Nel decreto, il ruolo più rilevante spetta agli incentivi economici per le nuove assunzioni, mentre è presente ben poco a correzione delle norme della legge Fornero, accusate, ormai da più parti, di aver irrigidito l’accesso al mercato del lavoro.
Persino la regola di significativo interesse, riguardante una maggiore flessibilità delle assunzioni in vista dell’Expo 2015, è stata stralciata, immaginiamo su richiesta sindacale, benché l’adozione dei relativi strumenti di deroga dipendesse esclusivamente dall’iniziativa negoziale delle Parti sociali, le quali, evidentemente, non si fidano neppure di se stesse. In sostanza, l’unica correzione di un qualche significato della legge Fornero riguarda l’aver ripristinato i previgenti giorni (10 e 20) intercorrenti tra un contratto a termine e quello successivo. Anche la possibile e utile novità di prolungare oltre i 12 mesi, ora previsti, l’acausalità nei contratti a termine è stata affidata a quanto vorranno disporre le Parti sociali.
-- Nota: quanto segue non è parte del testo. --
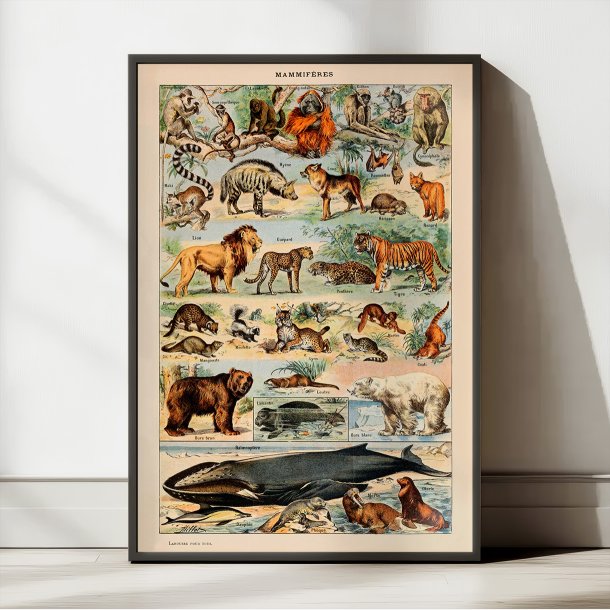 Millot: Le Larousse pour tous - Illustrationer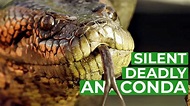 Anaconda - The Silent Killer | Free Documentary Nature - YouTube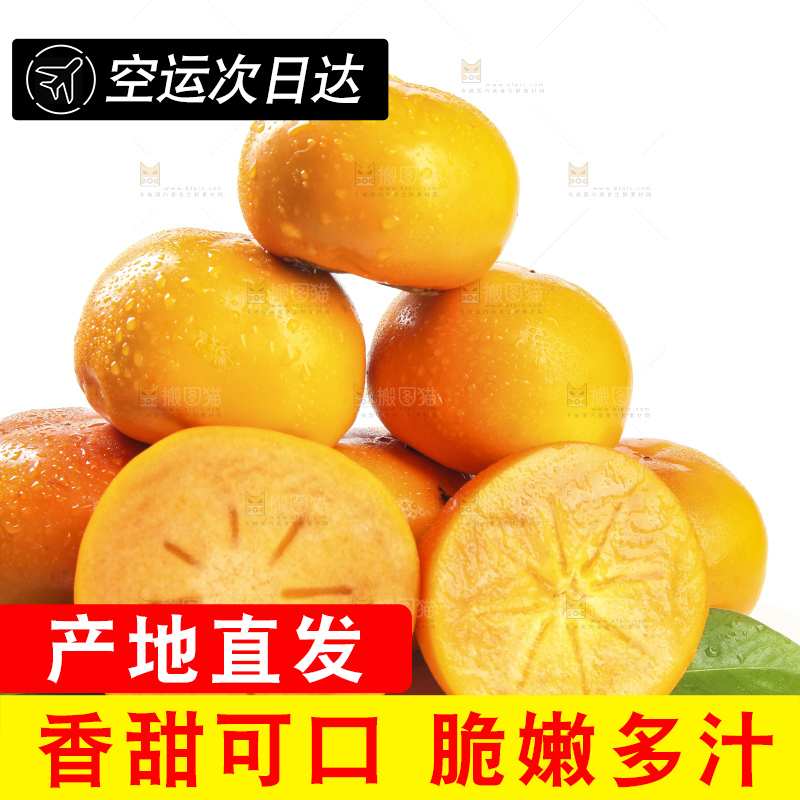 白底上的脆柿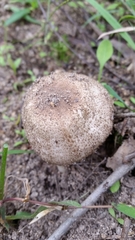 Agaricus austrovinaceus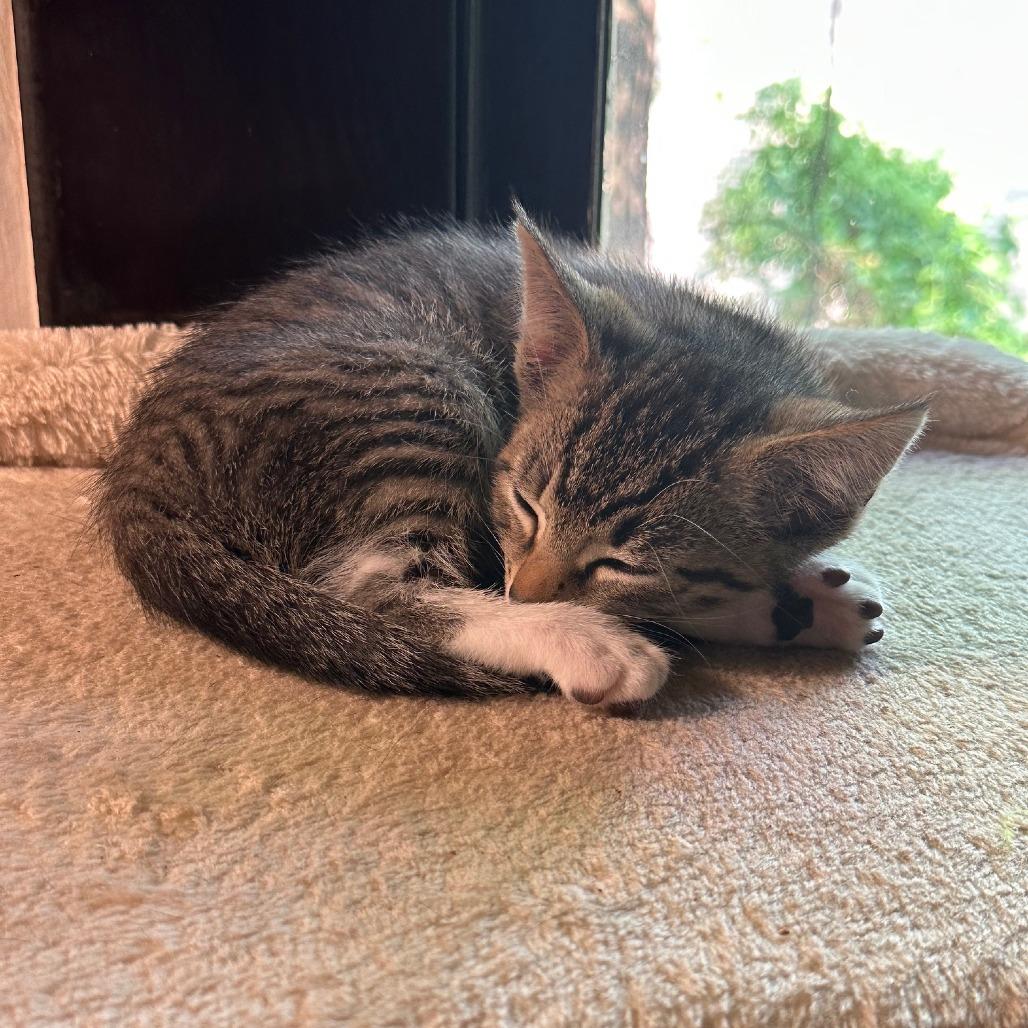 Snow aka Charming, a Adoptable Domestic Short Hair image 3/6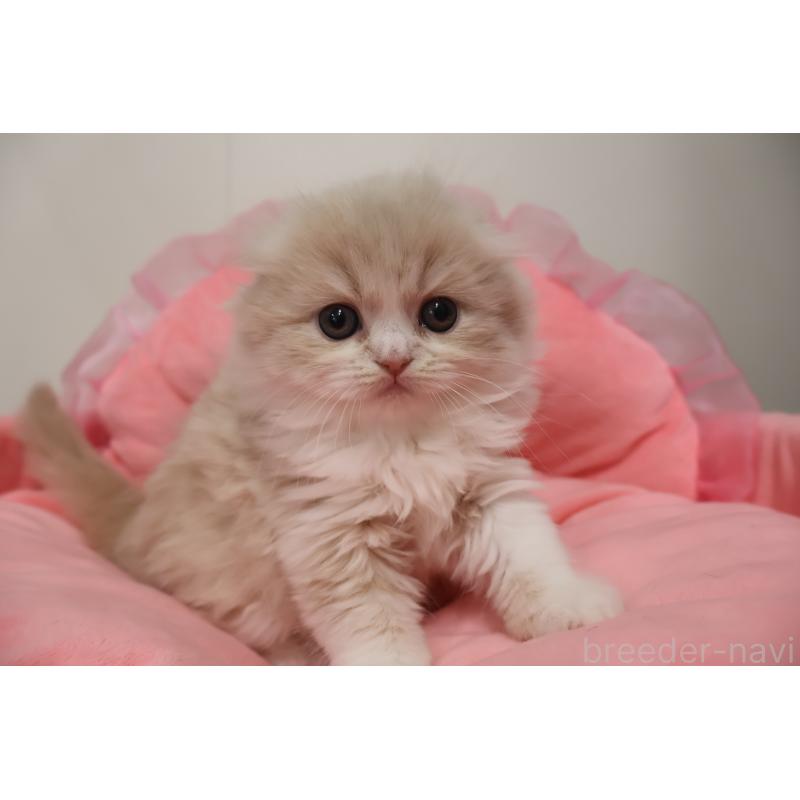 販売中の東京都のスコティッシュフォールド(折れ耳)-137337の11枚目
In sintesi, a nostro avviso, gli incentivi economici previsti non compenseranno i permanenti disincentivi normativi, le rimozioni o correzioni dei quali non avrebbero comportato particolari costi e, certamente, sarebbero risultati più efficaci nel creare nuovi posti di lavoro. Gli incentivi economici, oltre a essere onerosi, presentano strutturalmente degli inconvenienti: finiscono per premiare, come è avvenuto in altre occasioni, assunzioni che, più o meno, ci sarebbero state comunque; “drogano”, per il tempo in cui operano, il mercato del lavoro e, quando vengono a mancare, determinano una vera e propria moria di una quota significativa dei posti “creati”.
Inoltre, qua e là, al contrario, fa capolino, nel decreto, qualche ulteriore irrigidimento come l’introduzione di un tetto di 400 giornate in un triennio per il lavoro intermittente e l’applicazione anche ai collaboratori della disciplina farraginosa prevista per le dimissioni.
Ci saranno margini adeguati in Parlamento per rafforzare il provvedimento? Lo vedremo presto, anche se nel governo sembra prevalere una linea compromissoria non solo tra i principali partiti della maggioranza, per quelle che sono le posizioni politiche di ciascuno, ma anche per l’attenzione che viene prestata al consenso popolare, come se la prospettiva elettorale non fosse poi tanto lontana.